Polish journalist: Jews also took part in the Holocaust
Amid furor over Polish legislation on Nazi death camps, TV host and journalist spark further outrage by suggesting they be referred to as 'Jewish death camps' due to Jews role in Holocaust; hours before, journalist tweets and deletes anti-Semitic post about 'scabby and greedy' people; Israeli Foreign Ministry weighs discussing matter with Warsaw embassy.
The comments have fanned the flames that have already mildly burned relations between Warsaw and Jerusalem after the Polish parliament recently moved to pass legislation that Israel has argued is an attempt to downplay Poland’s role in Nazi atrocities.
The guest of the program aired by TVP2 also slammed Israel for its vociferous opposition to the bill, which prescribes prison time for defaming the Polish nation by using phrases such as "Polish death camps" to refer to the killing sites Nazi Germany operated in occupied Poland during World War II.

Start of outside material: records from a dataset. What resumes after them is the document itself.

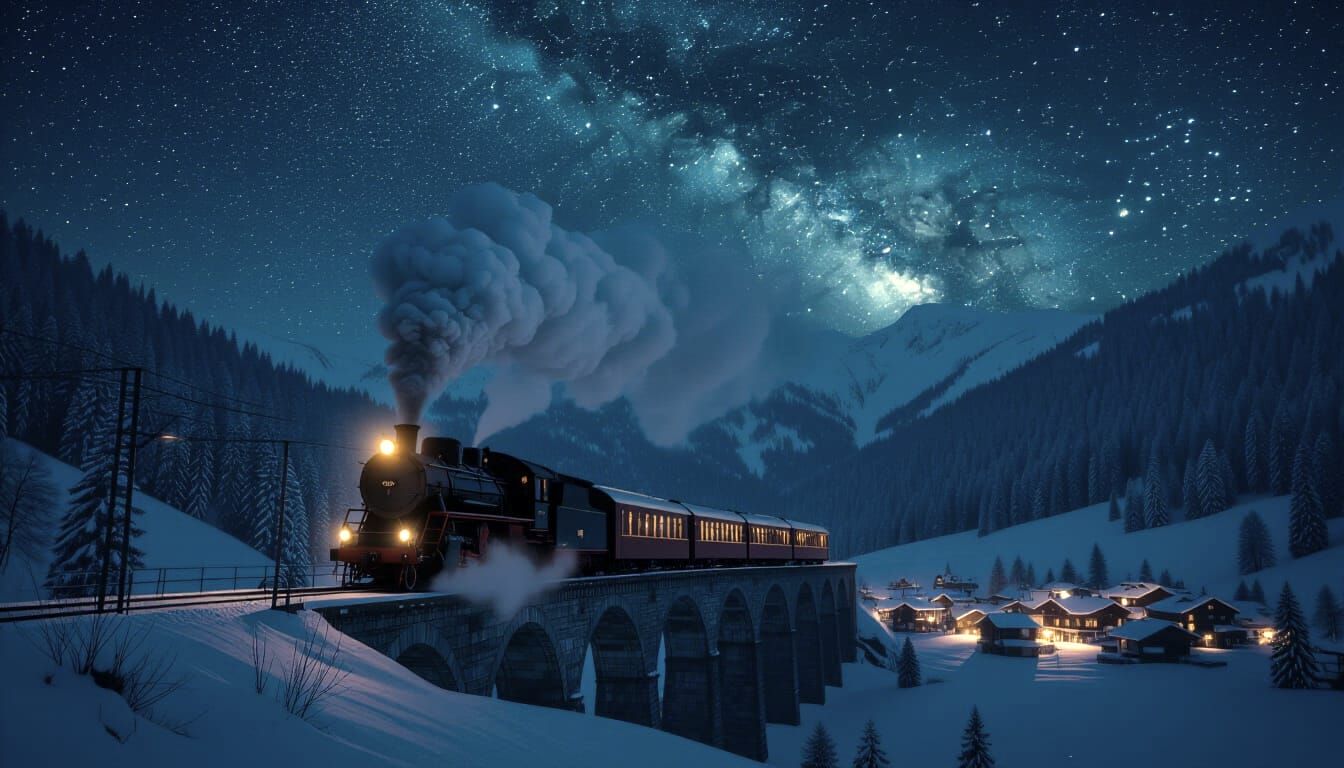 Vintage Steam Train Crossing Alps Viaduct at Night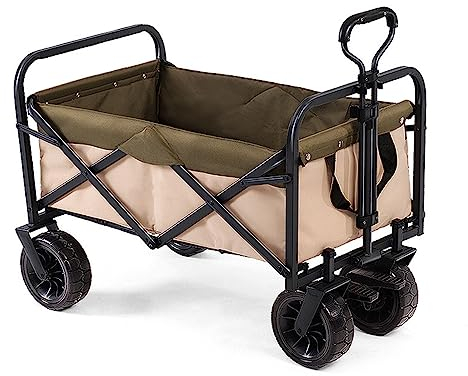 WYJRO Khaki Bollerwagen Faltbar,Grün Faltbar Tarnung Garten Handwagen Breite Reifen Transportwagen Mit Seitentasche Verstellbarem Griff Kapazität 150L,Bis 120Kg Tragkraft,(a) Khaki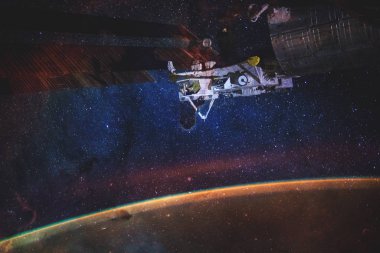 Dünya 'nın arka planında bu var. Bu görüntünün elementleri Nasa tarafından döşenmiştir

“This narrative is built out of contempt for the facts,” argued Marcin Jerzy Wolski who hosts the Polish public mainstream TV channel operated by TVP.
Discussing an experiment carried out in Germany in which exhaust fumes were pumped into rooms containing monkeys and humans, Wloski and the conservative commentator and author Rafal Aleksander Ziemkiewicz digressed into a conversation about Jews in the Holocaust, gas chambers and how the Nazis improvised as they searched for more efficient methods to murder European Jewry.
The two then segued into an attack of Israeli criticism against the new bill and the “claims” that Poles participated in the Holocaust. Ziemkiewicz also slammed the notion of blaming nations for the actions of individuals.
“Don’t be surprised if someone teaches that the Jewish people crucified Jesus or participated in the Holocaust,” he said. “If we look at the percentage of involvement of countries that took part, Jews also were part of their own destruction.”
Wolski responded by saying: “Using this terminology, linguistically, we could say these were not German or Polish camps, but were Jewish camps. After all, who dealt with the crematoria?”
Taking the theory further, Ziemkiewicz asked: “And who died in them? Jews. History has been forgotten. Instead of history there is a narrative that serves political and other interests. This narrative is built out of contempt for facts.”
A few hours before the program, Ziemkiewicz published on Twitter an anti-Semitic post before deleting it shortly after.
“For many years I have convinced my people that we must support Israel. Today, because of a few scabby or greedy people, I feel like an idiot,” he wrote in his tweet, evoking a term often used in anti-Semitic slurs in Poland.
During and after the Holocaust, Poles frequently referred to Jews as “scabby” as a derogatory expression.
A statement released by the Israeli Foreign Ministry expressed deep concern about the discussion.
“We are anxiously following the statements of an anti-Semitic nature made on Polish media and are considering discussing the subject with the embassy in Warsaw,” the statement read.
The interview was not the only public expression in the Polish media against Israeli furor. One radio presenter suggested that Poles who support the Israeli positions should consider forfeiting their Polish citizenship.
“If there’s someone who behaves like a spokesperson for Israeli interests, maybe it’s worth it for him to consider giving up his Polish citizenship and getting Israeli citizenship,” Piotr Nisztor said in statements that were published on the radio station’s twitter account.
It is not only the Israeli political establishment that has expressed outrage over the Polish initiative, however.
An Israeli historian of Jewish-Israeli heritage who was awarded in 2012 the Knight's Cross of the Order of Merit of the Republic from the then Polish president for his contribution to promoting the memory—and increasing awareness of—the Polish Righteous Among the Nations, has returned his award in protest against the “demonic” legislation.